Question

Consider a sphere and a cylinder of equal volume made of copper. Both the sphere and the cylinder are initially at the same temperature and are exposed to convection in the same environment. Which do you think will cool faster, the cylinder or the sphere? Why?

Short answer

Answer: The cylinder cools faster because it has a larger surface area exposed to the convection medium, which results in a higher heat transfer rate through convection as compared to the sphere with a smaller surface area.

Step-by-step solution

Understanding heat transfer through convection

In convection, heat is transferred between a solid object and a fluid medium (such as air). The heat transfer rate depends on the surface area of the object and the temperature difference between the object and the surrounding environment. So, to determine which of the two shapes cools faster, we need to compare their surface areas.
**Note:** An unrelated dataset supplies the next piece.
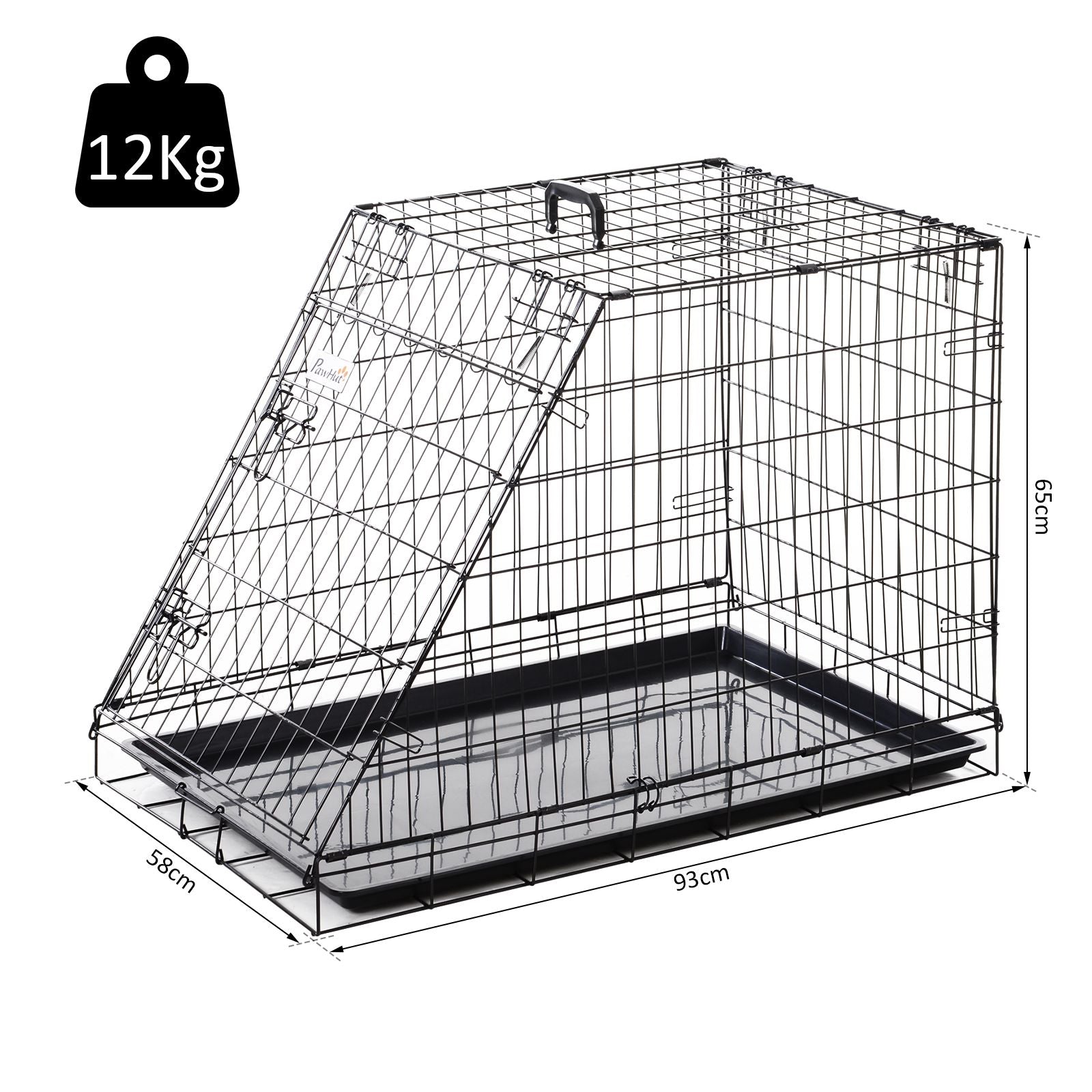 Metal Folding Dog Crate with Removable Tray - 78 x 47 x 55 cm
Derive expressions for the surface areas of a sphere and a cylinder

Let's denote the radius of the sphere as r_s and the radius and height of the cylinder as r_c and h_c, respectively. We can express the surface areas of a sphere (A_s) and a cylinder (A_c, excluding the top and bottom surfaces) as follows: A_s = 4 * pi * r_s^2 A_c = 2 * pi * r_c * h_c

Derive expressions for the volumes of a sphere and a cylinder

Let's denote the volumes of the sphere (V_s) and the cylinder (V_c) as follows: V_s = (4/3) * pi * r_s^3 V_c = pi * r_c^2 * h_c Since the volumes of the sphere and the cylinder are equal, we have: V_s = V_c => (4/3) * pi * r_s^3 = pi * r_c^2 * h_c

Relate the height of the cylinder to its radius

Rearrange the equation in Step 3 to solve for the height of the cylinder in terms of its radius: h_c = ((4 * r_s^3) / (3 * r_c^2))
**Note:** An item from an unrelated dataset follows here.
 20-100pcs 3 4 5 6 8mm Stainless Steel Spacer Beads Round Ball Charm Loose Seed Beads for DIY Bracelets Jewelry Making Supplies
Calculate the surface area of the cylinder in terms of the radius of the sphere

Replace the height of the cylinder in the expression for the cylinder's surface area (excluding the top and bottom surfaces) from Step 2 with the expression derived in Step 4: A_c = 2 * pi * r_c * (((4 * r_s^3) / (3 * r_c^2)))

Comparing surface areas

Comparing the surface areas of the sphere and the cylinder from Steps 2 and 5, we see that they are not directly dependent on each other. However, since they are made of the same material and have the same initial temperature, the rate of heat loss is determined by the ratio of their surface areas. A_s/A_c = (4 * pi * r_s^2) / (2 * pi * r_c * (((4 * r_s^3) / (3 * r_c^2)))) Simplifying the above expression, we find that: A_s/A_c = (2 * r_s) / ((4 * r_s) / (3 * r_c))

Conclusion

Since the volumes of the sphere and the cylinder are equal, and the surface area of the sphere is always smaller than that of the cylinder, the sphere will cool more slowly because it has less surface area exposed to the convection medium. Therefore, the cylinder will cool faster than the sphere.